Some of us are probably aware of Johnny Lee's hardhacked Wiimote, providing head track 3d on a budget. For anyone that's not familiar with it, the tech works by taking advantage of human's other great 3d sensing technique, parallax.

Jacob Pederson, Blogger

November 5, 2010

3 Min Read

Some of us are probably aware of Johnny Lee's hardhacked Wiimote, providing head track 3d on a budget. For anyone that's not familiar with it, the tech works by taking advantage of human's other (besides stereo vision) great 3d sensing technique, parallax. Parallax is best explained by imagining the scene out of a speeding car's passenger window. Objects far away from you appear to move slowly, while objects close to the roadway zip by at 60 mph. These speed differences are extrapolated into three dimensional information by the brain.
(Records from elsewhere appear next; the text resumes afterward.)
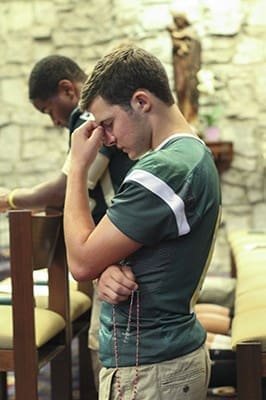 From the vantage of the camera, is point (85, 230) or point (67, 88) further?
point (67, 88)

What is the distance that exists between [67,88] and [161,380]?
1307mm

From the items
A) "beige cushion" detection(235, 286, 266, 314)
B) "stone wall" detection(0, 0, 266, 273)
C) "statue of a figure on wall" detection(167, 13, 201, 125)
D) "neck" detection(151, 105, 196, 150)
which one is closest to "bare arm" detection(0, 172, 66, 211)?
"beige cushion" detection(235, 286, 266, 314)

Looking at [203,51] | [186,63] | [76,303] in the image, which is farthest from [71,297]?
[203,51]

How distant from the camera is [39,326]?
1973 mm

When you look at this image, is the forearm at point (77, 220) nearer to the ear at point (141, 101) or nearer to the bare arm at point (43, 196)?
the ear at point (141, 101)

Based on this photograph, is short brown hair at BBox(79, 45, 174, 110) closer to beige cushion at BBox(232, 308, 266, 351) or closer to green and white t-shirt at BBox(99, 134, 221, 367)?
green and white t-shirt at BBox(99, 134, 221, 367)

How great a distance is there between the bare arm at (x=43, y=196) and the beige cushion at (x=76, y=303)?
30cm

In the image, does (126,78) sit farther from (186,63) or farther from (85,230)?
(186,63)

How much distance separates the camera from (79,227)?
4.40ft

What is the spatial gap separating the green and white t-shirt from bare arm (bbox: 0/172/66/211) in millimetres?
895

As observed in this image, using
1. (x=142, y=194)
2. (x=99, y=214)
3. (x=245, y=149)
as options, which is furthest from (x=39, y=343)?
(x=245, y=149)

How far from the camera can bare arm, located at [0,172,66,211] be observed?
225cm

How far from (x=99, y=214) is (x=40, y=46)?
4.36 metres

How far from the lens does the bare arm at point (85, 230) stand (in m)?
1.29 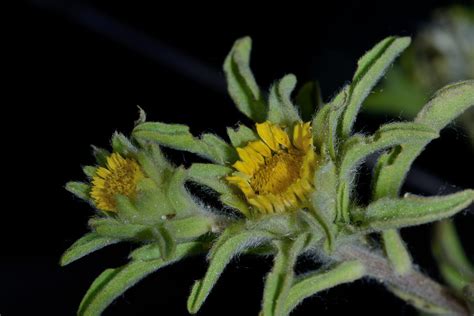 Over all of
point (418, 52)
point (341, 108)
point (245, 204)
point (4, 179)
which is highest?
point (418, 52)

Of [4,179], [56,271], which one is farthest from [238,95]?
[4,179]

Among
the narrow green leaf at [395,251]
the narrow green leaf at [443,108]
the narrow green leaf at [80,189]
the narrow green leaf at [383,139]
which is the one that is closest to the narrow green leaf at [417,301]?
the narrow green leaf at [395,251]

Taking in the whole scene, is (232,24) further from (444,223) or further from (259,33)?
(444,223)

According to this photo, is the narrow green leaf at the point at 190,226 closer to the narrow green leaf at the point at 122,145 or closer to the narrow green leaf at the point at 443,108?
the narrow green leaf at the point at 122,145

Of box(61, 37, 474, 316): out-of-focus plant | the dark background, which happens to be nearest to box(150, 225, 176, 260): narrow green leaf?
box(61, 37, 474, 316): out-of-focus plant

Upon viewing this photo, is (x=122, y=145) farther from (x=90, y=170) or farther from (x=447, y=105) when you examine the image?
(x=447, y=105)

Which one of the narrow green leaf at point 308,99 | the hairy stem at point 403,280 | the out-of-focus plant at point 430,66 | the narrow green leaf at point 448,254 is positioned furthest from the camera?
the out-of-focus plant at point 430,66

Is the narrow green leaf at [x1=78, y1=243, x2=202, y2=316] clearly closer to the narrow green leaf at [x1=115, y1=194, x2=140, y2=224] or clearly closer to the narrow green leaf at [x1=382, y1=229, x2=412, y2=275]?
the narrow green leaf at [x1=115, y1=194, x2=140, y2=224] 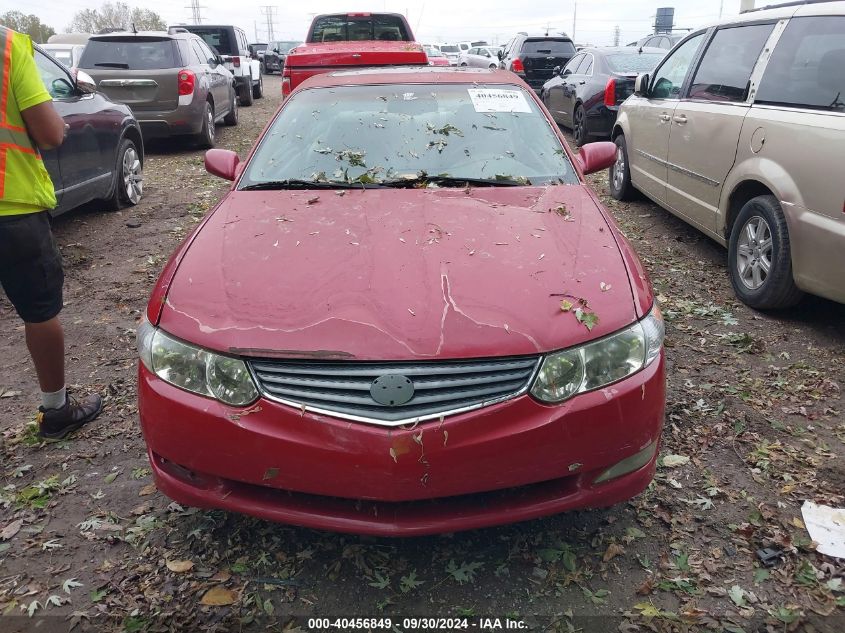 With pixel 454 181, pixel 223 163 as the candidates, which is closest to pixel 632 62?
pixel 454 181

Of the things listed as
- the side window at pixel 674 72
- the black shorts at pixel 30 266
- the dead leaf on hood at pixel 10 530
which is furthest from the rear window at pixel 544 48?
the dead leaf on hood at pixel 10 530

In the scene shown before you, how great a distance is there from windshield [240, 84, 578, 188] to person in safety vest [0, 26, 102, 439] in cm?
89

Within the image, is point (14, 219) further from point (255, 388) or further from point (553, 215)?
point (553, 215)

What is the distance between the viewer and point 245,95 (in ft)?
56.6

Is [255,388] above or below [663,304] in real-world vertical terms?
above

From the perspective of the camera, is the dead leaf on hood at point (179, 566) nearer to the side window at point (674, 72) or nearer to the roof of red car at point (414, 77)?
the roof of red car at point (414, 77)

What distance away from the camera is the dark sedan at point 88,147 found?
5734 mm

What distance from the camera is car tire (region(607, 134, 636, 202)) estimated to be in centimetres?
716

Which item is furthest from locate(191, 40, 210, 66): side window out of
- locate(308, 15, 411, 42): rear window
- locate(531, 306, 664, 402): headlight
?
locate(531, 306, 664, 402): headlight

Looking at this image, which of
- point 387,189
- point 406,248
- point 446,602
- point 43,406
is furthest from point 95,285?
point 446,602

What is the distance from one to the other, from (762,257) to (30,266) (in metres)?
4.13

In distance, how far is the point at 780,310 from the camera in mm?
4441

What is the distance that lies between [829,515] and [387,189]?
89.6 inches

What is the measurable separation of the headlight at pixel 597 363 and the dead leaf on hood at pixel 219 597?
4.03ft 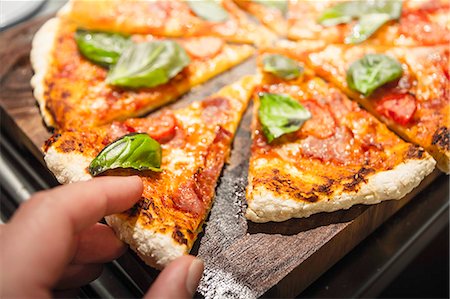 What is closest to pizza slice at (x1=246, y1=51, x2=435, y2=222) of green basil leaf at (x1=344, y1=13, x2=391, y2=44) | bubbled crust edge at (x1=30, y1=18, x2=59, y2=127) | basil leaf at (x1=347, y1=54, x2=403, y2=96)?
basil leaf at (x1=347, y1=54, x2=403, y2=96)

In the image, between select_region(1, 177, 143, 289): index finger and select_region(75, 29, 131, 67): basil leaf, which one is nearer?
select_region(1, 177, 143, 289): index finger

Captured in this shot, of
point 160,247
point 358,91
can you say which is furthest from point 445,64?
point 160,247

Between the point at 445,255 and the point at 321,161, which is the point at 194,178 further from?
the point at 445,255

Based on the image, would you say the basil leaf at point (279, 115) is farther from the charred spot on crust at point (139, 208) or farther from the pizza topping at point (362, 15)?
the pizza topping at point (362, 15)

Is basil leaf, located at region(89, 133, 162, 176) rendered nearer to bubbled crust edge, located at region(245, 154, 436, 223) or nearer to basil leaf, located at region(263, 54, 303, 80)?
bubbled crust edge, located at region(245, 154, 436, 223)

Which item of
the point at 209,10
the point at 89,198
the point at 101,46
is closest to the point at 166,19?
the point at 209,10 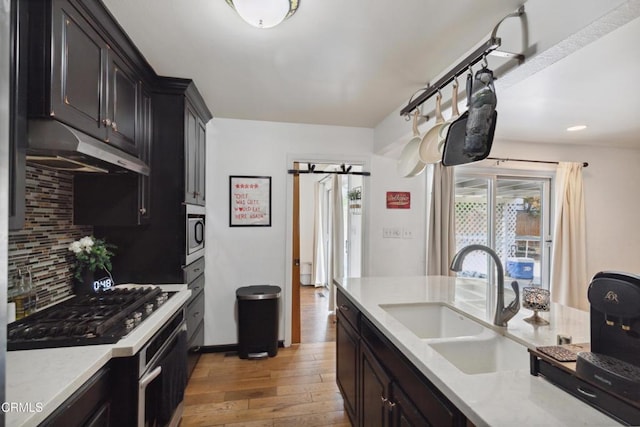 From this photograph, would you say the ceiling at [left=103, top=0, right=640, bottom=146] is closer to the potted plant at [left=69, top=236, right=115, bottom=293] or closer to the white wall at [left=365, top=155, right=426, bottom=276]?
the white wall at [left=365, top=155, right=426, bottom=276]

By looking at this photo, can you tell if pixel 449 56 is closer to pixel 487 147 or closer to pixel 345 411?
pixel 487 147

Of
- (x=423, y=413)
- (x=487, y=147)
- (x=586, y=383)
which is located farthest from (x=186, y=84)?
(x=586, y=383)

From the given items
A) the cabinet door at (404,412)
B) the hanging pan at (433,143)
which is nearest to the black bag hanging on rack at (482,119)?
the hanging pan at (433,143)

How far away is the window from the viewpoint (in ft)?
12.0

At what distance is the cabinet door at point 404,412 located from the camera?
1.03 m

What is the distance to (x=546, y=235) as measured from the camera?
3.78m

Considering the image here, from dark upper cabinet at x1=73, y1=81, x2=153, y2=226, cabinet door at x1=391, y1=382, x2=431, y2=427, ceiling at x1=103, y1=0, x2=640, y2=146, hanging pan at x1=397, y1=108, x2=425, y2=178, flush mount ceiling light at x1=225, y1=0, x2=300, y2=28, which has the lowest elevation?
cabinet door at x1=391, y1=382, x2=431, y2=427

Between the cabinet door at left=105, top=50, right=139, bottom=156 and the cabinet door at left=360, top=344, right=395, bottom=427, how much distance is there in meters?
1.84

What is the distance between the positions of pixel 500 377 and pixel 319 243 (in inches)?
183

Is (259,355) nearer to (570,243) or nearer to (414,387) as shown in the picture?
(414,387)

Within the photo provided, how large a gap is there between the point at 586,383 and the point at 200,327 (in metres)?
2.74

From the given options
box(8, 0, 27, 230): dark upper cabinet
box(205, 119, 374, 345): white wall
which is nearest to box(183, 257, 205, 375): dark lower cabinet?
box(205, 119, 374, 345): white wall

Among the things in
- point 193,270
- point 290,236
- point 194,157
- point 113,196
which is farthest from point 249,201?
point 113,196

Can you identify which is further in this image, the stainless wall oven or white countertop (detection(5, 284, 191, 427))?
the stainless wall oven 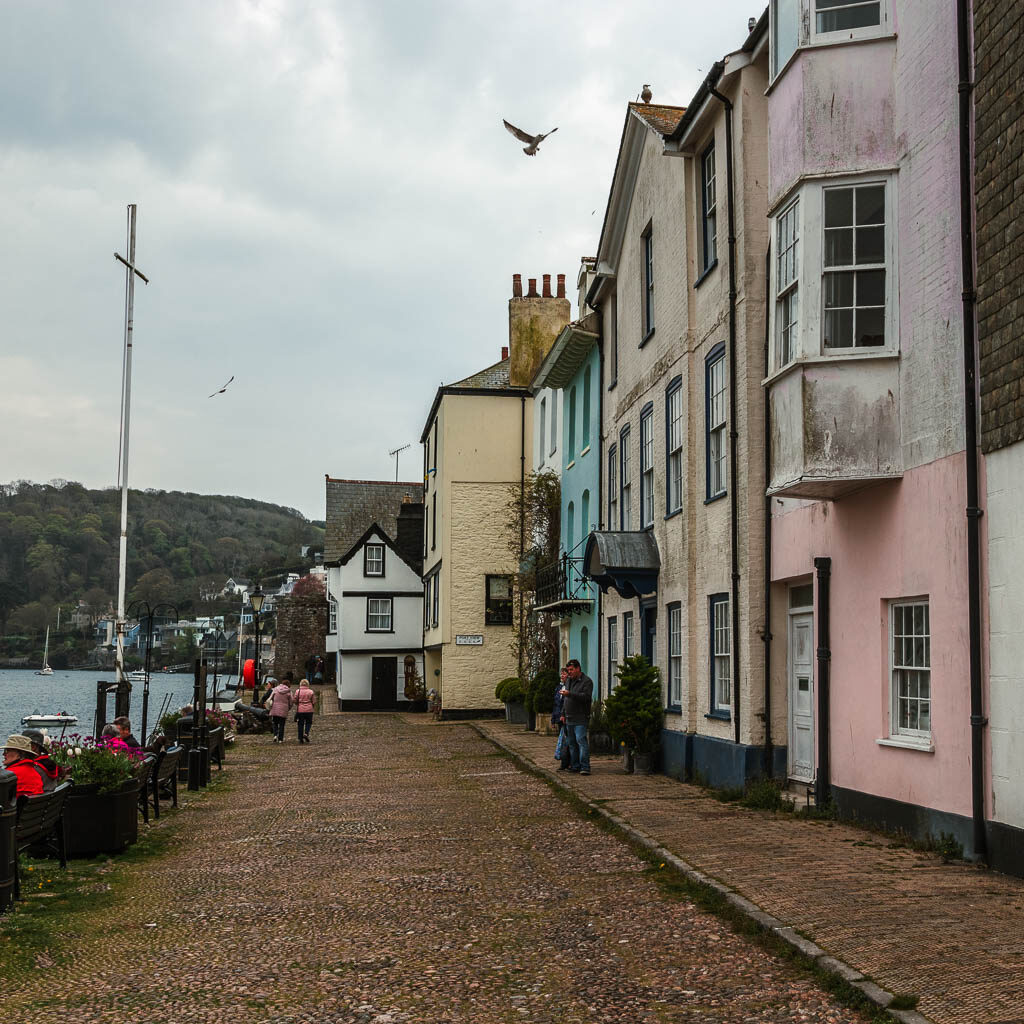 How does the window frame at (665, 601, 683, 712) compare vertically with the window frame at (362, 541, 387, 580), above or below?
below

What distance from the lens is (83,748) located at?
12812mm

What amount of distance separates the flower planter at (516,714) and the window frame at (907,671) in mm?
23739

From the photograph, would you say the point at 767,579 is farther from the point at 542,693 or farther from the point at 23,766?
the point at 542,693

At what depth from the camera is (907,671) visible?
12062 mm

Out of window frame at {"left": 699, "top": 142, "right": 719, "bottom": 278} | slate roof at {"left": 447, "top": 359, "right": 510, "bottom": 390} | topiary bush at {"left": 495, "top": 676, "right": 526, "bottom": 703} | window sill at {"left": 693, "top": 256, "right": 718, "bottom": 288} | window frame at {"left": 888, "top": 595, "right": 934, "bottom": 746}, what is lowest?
topiary bush at {"left": 495, "top": 676, "right": 526, "bottom": 703}

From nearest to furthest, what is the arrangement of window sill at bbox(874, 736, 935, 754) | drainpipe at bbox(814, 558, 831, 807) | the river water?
window sill at bbox(874, 736, 935, 754)
drainpipe at bbox(814, 558, 831, 807)
the river water

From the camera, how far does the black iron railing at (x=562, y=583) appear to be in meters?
27.3

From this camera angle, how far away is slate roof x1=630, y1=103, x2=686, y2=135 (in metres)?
20.2

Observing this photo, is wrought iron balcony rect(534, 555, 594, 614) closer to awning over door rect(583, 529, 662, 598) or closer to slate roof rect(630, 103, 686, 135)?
awning over door rect(583, 529, 662, 598)

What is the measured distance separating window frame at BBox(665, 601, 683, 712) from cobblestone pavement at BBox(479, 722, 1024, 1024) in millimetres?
4369

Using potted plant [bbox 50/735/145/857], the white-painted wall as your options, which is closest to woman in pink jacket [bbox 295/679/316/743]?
potted plant [bbox 50/735/145/857]

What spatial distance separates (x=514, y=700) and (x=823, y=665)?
22876mm

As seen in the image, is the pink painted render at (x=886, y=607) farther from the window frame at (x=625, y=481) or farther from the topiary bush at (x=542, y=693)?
the topiary bush at (x=542, y=693)

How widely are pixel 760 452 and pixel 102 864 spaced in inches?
343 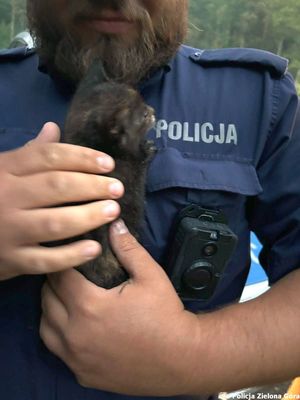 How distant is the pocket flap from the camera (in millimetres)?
1094

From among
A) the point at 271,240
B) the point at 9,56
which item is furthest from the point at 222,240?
the point at 9,56

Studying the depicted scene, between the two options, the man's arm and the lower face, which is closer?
the man's arm

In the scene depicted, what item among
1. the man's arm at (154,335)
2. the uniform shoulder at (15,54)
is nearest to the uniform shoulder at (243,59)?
the uniform shoulder at (15,54)

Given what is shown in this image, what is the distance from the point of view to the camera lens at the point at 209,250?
3.47 ft

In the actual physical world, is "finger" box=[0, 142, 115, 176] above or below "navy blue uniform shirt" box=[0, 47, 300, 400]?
above

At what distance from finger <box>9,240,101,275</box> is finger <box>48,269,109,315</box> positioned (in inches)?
3.4

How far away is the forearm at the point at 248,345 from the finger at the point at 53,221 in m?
0.33

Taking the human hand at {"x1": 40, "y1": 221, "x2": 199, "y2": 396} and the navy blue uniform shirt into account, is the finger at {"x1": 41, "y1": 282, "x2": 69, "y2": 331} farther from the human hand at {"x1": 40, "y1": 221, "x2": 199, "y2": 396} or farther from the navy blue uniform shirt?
the navy blue uniform shirt

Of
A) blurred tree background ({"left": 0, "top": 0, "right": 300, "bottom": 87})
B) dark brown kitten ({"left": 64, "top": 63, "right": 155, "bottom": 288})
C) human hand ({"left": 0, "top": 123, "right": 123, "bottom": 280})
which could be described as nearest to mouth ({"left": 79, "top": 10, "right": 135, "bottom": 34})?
dark brown kitten ({"left": 64, "top": 63, "right": 155, "bottom": 288})

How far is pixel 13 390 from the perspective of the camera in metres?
1.10

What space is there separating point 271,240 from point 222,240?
153 mm

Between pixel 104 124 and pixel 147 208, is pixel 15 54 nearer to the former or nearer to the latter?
pixel 104 124

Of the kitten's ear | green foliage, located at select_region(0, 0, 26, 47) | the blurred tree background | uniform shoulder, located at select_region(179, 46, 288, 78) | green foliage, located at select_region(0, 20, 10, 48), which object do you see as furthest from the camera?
the blurred tree background

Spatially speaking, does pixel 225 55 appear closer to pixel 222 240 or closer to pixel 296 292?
pixel 222 240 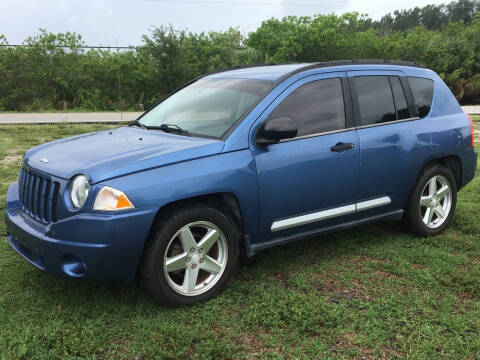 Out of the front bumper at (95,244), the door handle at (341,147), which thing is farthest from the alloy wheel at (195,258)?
the door handle at (341,147)

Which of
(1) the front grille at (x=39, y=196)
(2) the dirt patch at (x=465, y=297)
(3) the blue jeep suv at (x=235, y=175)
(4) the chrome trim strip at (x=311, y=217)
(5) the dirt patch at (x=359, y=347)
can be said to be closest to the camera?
(5) the dirt patch at (x=359, y=347)

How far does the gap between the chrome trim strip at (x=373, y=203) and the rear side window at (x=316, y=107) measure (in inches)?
27.8

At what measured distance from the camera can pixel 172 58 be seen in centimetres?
1922

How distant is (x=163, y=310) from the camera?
139 inches

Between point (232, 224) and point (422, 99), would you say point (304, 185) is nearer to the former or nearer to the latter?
point (232, 224)

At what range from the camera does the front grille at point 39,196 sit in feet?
11.0

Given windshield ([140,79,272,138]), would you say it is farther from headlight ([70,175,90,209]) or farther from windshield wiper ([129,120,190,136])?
headlight ([70,175,90,209])

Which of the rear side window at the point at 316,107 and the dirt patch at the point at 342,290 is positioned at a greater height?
the rear side window at the point at 316,107

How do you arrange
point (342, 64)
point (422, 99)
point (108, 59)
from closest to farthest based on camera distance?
point (342, 64), point (422, 99), point (108, 59)

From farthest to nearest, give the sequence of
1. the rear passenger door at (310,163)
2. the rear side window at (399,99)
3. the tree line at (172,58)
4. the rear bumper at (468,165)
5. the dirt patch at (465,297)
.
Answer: the tree line at (172,58)
the rear bumper at (468,165)
the rear side window at (399,99)
the rear passenger door at (310,163)
the dirt patch at (465,297)

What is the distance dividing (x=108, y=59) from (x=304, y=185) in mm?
17942

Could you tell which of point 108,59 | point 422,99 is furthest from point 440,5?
point 422,99

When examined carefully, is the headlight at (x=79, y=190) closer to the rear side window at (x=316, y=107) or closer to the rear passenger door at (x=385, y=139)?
the rear side window at (x=316, y=107)

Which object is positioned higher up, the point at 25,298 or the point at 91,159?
the point at 91,159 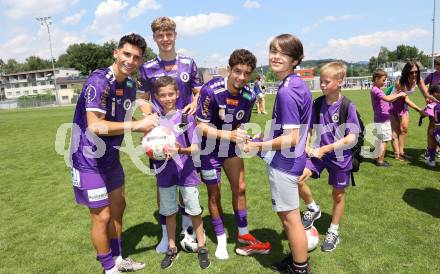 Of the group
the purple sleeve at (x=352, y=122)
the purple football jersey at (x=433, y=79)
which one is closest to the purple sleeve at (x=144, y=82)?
the purple sleeve at (x=352, y=122)

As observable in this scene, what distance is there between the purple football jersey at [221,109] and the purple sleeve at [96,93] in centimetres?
120

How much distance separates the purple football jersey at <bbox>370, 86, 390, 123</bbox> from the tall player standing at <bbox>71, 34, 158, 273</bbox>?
20.8ft

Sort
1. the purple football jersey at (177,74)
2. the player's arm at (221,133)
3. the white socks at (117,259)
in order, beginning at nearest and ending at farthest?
1. the player's arm at (221,133)
2. the white socks at (117,259)
3. the purple football jersey at (177,74)

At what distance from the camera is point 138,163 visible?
33.4 ft

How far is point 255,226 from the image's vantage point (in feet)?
17.9

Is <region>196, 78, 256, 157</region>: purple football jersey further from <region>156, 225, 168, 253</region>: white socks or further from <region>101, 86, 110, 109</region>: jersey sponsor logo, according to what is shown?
<region>156, 225, 168, 253</region>: white socks

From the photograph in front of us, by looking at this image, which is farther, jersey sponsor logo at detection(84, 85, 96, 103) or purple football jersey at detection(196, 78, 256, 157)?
purple football jersey at detection(196, 78, 256, 157)

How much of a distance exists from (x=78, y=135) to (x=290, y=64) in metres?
2.52

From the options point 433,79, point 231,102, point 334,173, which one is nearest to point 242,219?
point 334,173

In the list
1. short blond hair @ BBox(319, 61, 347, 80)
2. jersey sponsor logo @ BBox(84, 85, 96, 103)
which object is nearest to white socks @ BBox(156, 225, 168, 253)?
jersey sponsor logo @ BBox(84, 85, 96, 103)

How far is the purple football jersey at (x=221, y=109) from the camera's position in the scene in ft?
14.2

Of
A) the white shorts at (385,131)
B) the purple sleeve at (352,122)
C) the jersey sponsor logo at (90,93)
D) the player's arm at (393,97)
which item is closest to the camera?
the jersey sponsor logo at (90,93)

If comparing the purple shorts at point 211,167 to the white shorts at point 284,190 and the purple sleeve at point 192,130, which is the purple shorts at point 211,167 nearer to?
the purple sleeve at point 192,130

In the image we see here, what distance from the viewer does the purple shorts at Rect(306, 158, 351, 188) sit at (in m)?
4.74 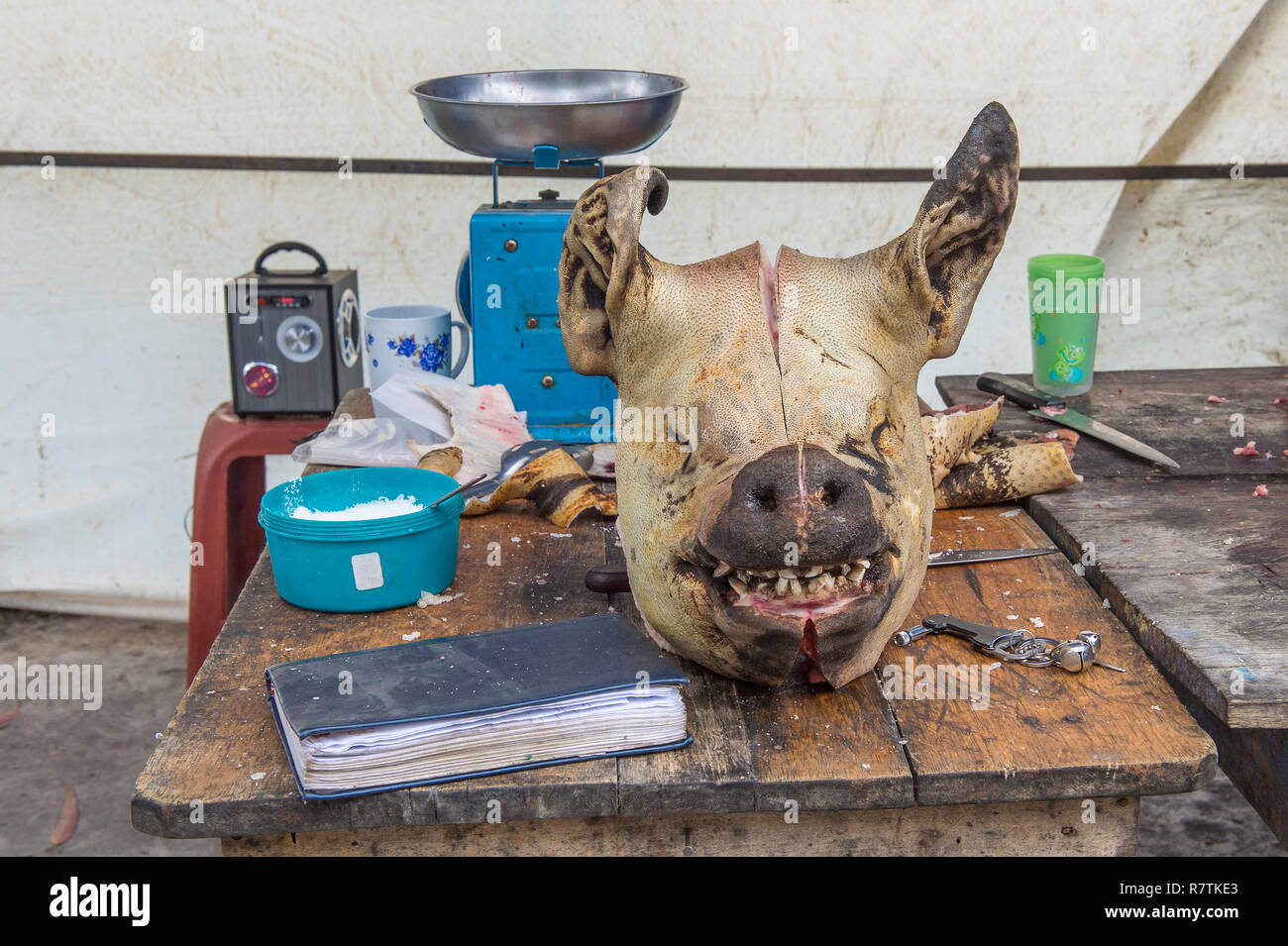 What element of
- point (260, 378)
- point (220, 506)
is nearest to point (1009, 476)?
point (260, 378)

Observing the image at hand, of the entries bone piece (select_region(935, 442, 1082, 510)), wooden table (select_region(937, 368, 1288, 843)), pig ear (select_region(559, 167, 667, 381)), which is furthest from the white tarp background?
pig ear (select_region(559, 167, 667, 381))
Head track 3d works by updating the parallax of objects in a rendered scene based on the motion of the viewer. This creates a very convincing 3d effect. This idea has already been used in some DSi games. The downside is that if the viewer stops moving, the effect disappears, making it impractical for most gaming genres.

I'll bet you can see were I'm going with this. Kinect gamers are moving around a lot, and the tech has a built in ability to track the viewer's head. So the question is, why isn't every one of these games supporting at least an option for head track 3d? We know the processor overhead isn't huge, because we've seen it running on the DSi. Of course, it wouldn't work for two players, and there would be a some subset of players who found the effect nauseating. But, we are talking about glasses-free 3d on our existing televisions, right on down to NTSC CRTs! That sounds huge to me. Frankly, I'm astonished the release dev's didn't pounce on the idea.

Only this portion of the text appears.